Instructions for the task -> Drop the images; return everything else in the listing below exactly.

Provided data ->
= = = = =
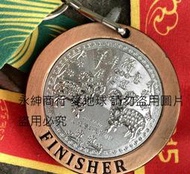 二手市面稀少復古2015 北港媽祖盃全國馬拉松賽獎牌(狀況如圖當收藏/裝飾品)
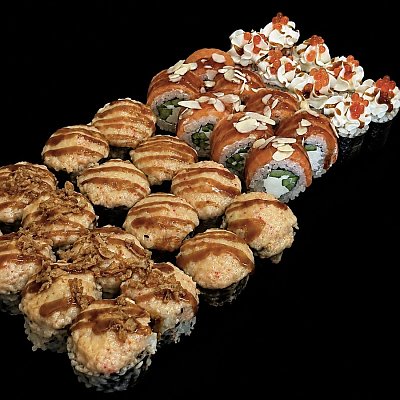 Заказать Сет White Noise, SUSHI WHITE NOISE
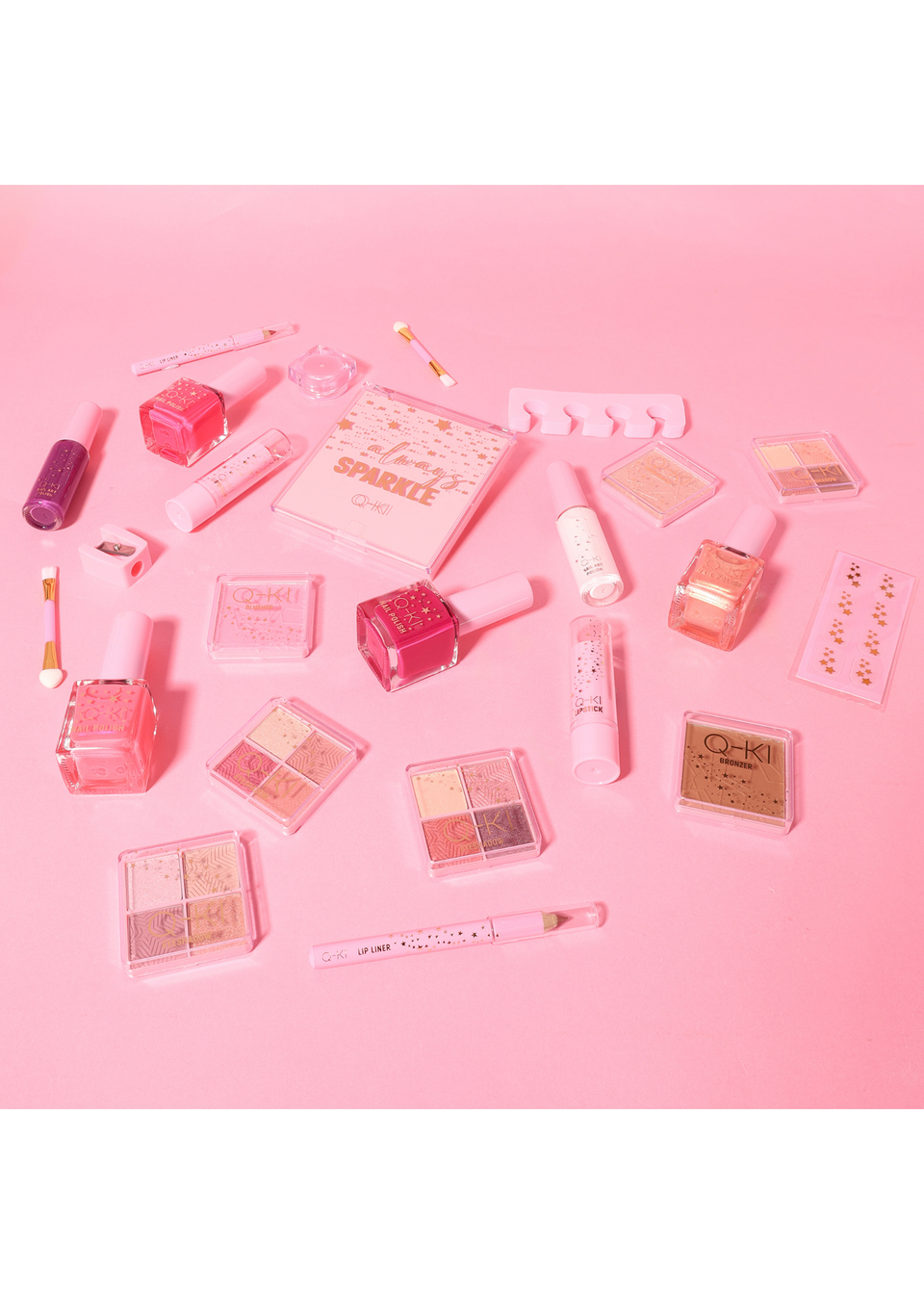 Q-KI 44 Piece Glam Collection Gift Set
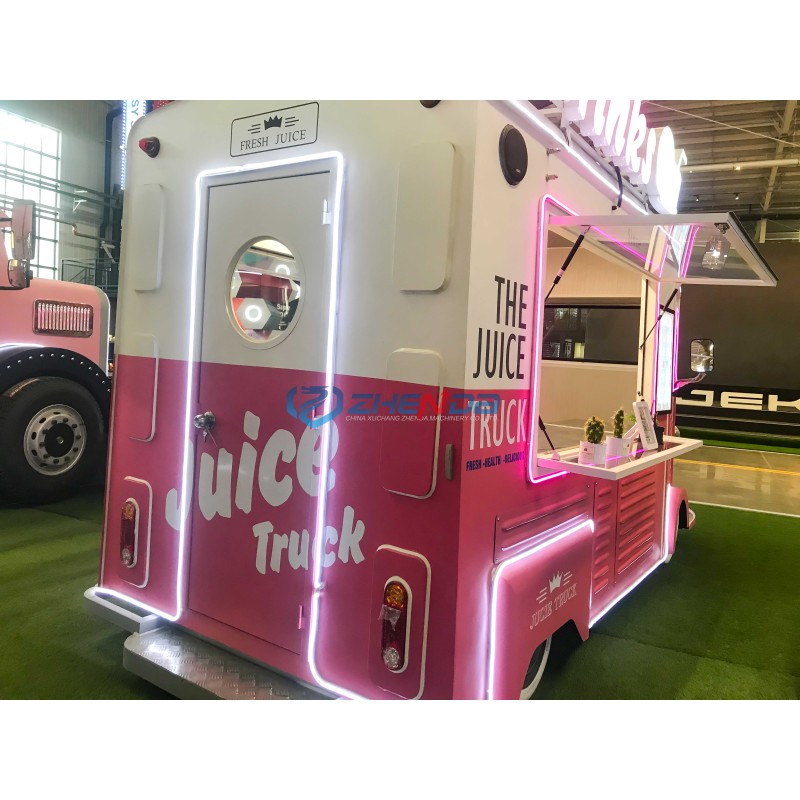 Food Trailer Manufacturer - Kawaii Street Snack Beverage Vending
= = = = =
Response below ->
 二手市面稀少復古2015 北港媽祖盃全國馬拉松賽獎牌(狀況如圖當收藏/裝飾品)
 Заказать Сет White Noise, SUSHI WHITE NOISE
 Q-KI 44 Piece Glam Collection Gift Set
 Food Trailer Manufacturer - Kawaii Street Snack Beverage Vending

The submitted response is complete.